Vier Soldaten der russischen Luftlandetruppen, erkennbar an ihren blau-weiss gestreiften T-Shirts, liegen auf einer Strasse in ihrem Blut. Es ist viel Blut und frisches Blut, die Videoaufnahmen stammen offensichtlich vom Tatort. Einer der Getöteten hat die Hände hinter dem Rücken zusammengebunden, der Mann kam also nicht im Gefecht um.
Bei den vier Soldaten handelt es sich wahrscheinlich um die Besatzung eines Luftlandepanzers BMD-2, der im Video nur wenige Schritte entfernt zum Stillstand gekommen ist. Die Sieger in diesem Hinterhalt, mutmassliche georgische Freiwillige mit den Emblemen der ukrainischen Streitkräfte, sind gerade dabei, den Motor des erbeuteten Schützenpanzers zu testen.
Allem Anschein nach stammt das Video, das unter anderem auf Telegram veröffentlicht worden ist, von Ende März, als sich die russischen Truppen nach ihrer Niederlage bei Kiew aus der Umgebung der Ortschaft Dmytriwka zurückzogen. Ihre Kolonne geriet in einen Hinterhalt, an dem die «Georgische Legion» zumindest beteiligt war. Diese Einheit kämpft seit 2014 für die Ukraine.

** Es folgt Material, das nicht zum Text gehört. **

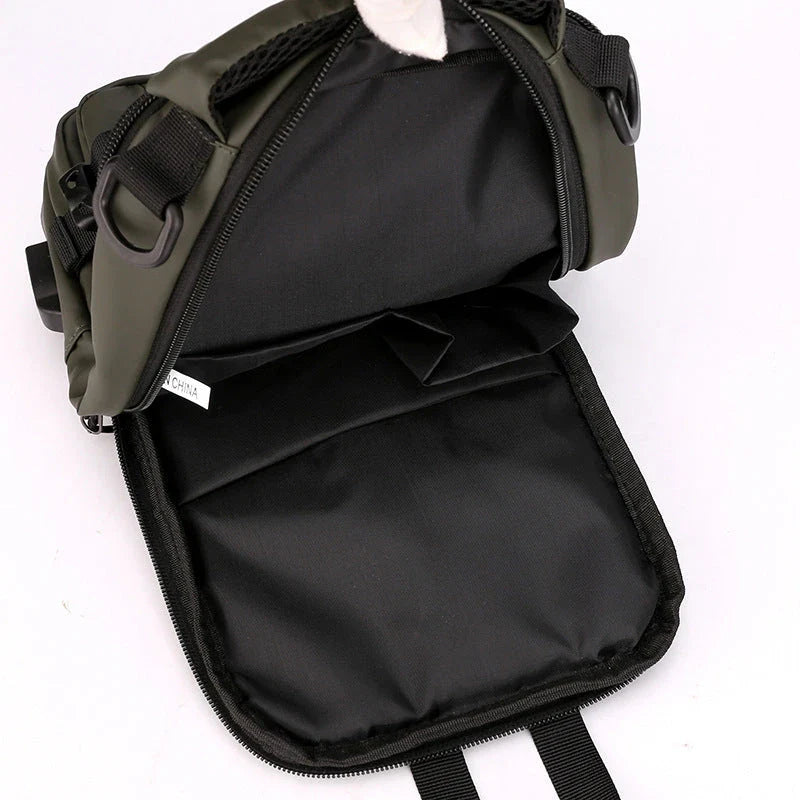 Versatile men's crossbody bag with multifunctional backpack, shoulder, and chest pack design in various colors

Einer der Russen auf dem Teer lebt offenbar noch. Man hat ihm seine Uniformjacke über den Kopf gezogen. Der Verwundete bewegt seinen Arm und atmet schwer. Einer der herumstehenden Kämpfer feuert zwei Schüsse aus seinem Sturmgewehr ab, und als sich der Mann immer noch regt, fällt ein dritter Schuss. Nun bewegt sich der Soldat nicht mehr.
Die New York Times hat das Video verifiziert. Tatsächlich bestätigen auch offizielle ukrainische Stellen, dass eine russische Kolonne in der Gegend Ende März in einem Hinterhalt vernichtet wurde. Dmytriwka liegt nur wenige Kilometer von der Kleinstadt Butscha entfernt, wo russische Soldaten mutmasslich 300 Zivilisten ermordet haben.

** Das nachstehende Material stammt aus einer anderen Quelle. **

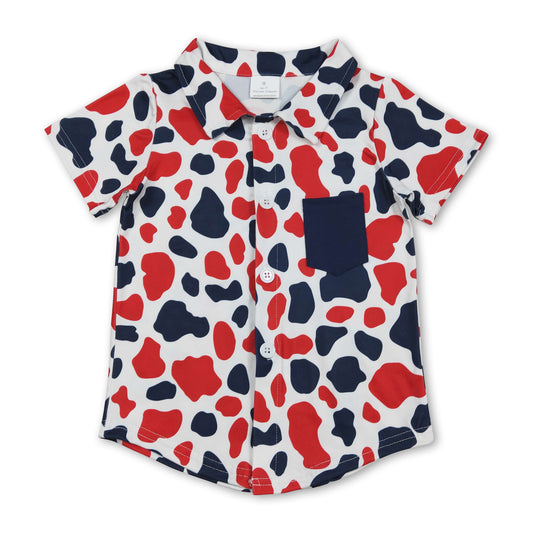 Navy pocket camo boys 4th of july button down shirt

Die Erschiessung eines russischen Verwundeten – und wahrscheinlich auch die Tötung der anderen Soldaten – stellt ein klares Kriegsverbrechen dar, genauso wie die ebenfalls auf Video festgehaltenen Beinschüsse ukrainischer Kämpfer auf russische Kriegsgefangene in der Nähe der ostukrainischen Stadt Charkiw von Ende März.
Das Weisse Haus hat Kiew inzwischen aufgefordert, den Vorfall zu untersuchen und die Verantwortlichen zur Rechenschaft zu ziehen. Schon im Fall der Beinschüsse haben die ukrainischen Behörden eine Untersuchung versprochen, bisher ist aber nicht klar, ob den Worten auch Taten gefolgt sind.

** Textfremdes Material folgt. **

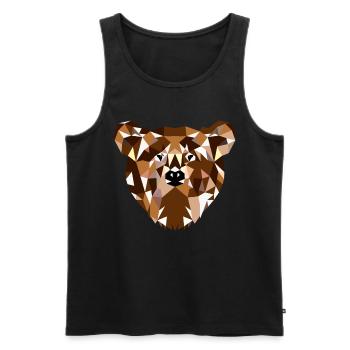 Ours grizzly ours idée cadeau - Débardeur bio Premium Homme - noir - Devant - Michal (187cm)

Manche Beobachter sind vor diesem Hintergrund nun geneigt, beide Seiten gleichermassen zu beschuldigen. Allerdings ist es ein Unterschied, ob Soldaten oder Zivilisten ermordet werden. Ausserdem liegen die bisher bekannt gewordenen Kriegsverbrechen der russischen Truppen in einer ganz anderen Grössenordnung. In ihrem Fall kann man wirklich von Massenmord sprechen.
Das sollte für die ukrainische Seite aber kein Grund sein, die eigenen Missetaten unter den Teppich zu kehren.